With that CART turned a plan that has been on the table for at least nine months into a knee-jerk response. CART executives insist it's nothing of the kind, but if it were anything else, wouldn't there be specifics?
It's presumably an IRL engine because at this point we don't really know. CART identified ``a normally aspirated V8, up to 3.5 liters.'' Will it have a rev-limiter, specified block dimensions or restrictions on materials or electronic controls? CART needs another ``30 to 60 days'' to decide.
``There will be commonality, with sophistication,'' said John Lopes, CART's new senior vice president of racing operations. ``Our teams came to us and said `We want to be in CART and we want to be in the Indy 500.' We have to take their costs into consideration.
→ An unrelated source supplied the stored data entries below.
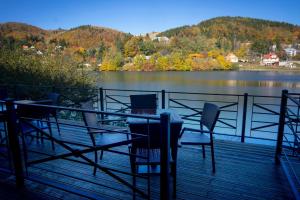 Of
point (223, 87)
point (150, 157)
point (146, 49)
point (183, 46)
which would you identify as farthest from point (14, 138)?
point (183, 46)

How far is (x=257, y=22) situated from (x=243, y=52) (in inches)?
381

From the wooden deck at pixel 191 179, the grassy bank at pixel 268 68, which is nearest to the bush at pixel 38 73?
the wooden deck at pixel 191 179

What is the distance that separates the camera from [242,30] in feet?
119

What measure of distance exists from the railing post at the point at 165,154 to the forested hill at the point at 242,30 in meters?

We are looking to [Formula One] for a little bit of input, and the other open-wheel series as well.''
That's another 30 to 60 days to settle specifics on an engine that should be track testing in a year. It seems all the more incredible because CART first indicated to its engine manufacturers it would adopt an IRL-style engine last March; because Ford and Honda have repeated since May that it's too late for them to do anything before 2004.
The credibility deficit lies not in the new formula, vague as it is, but in the process that produced it. In April, after CART's own deadline for establishing a new formula had passed, Toyota announced it was building an engine for the Indy 500 and IRL in 2003. It left open the possibility of continued participation in CART. Six months later and exactly one week before CART finally approved a new engine, Toyota said it was leaving CART after 2002.
Nonetheless, CART CEO Joe Heitzler insisted there was no connection between Toyota's decision and CART's.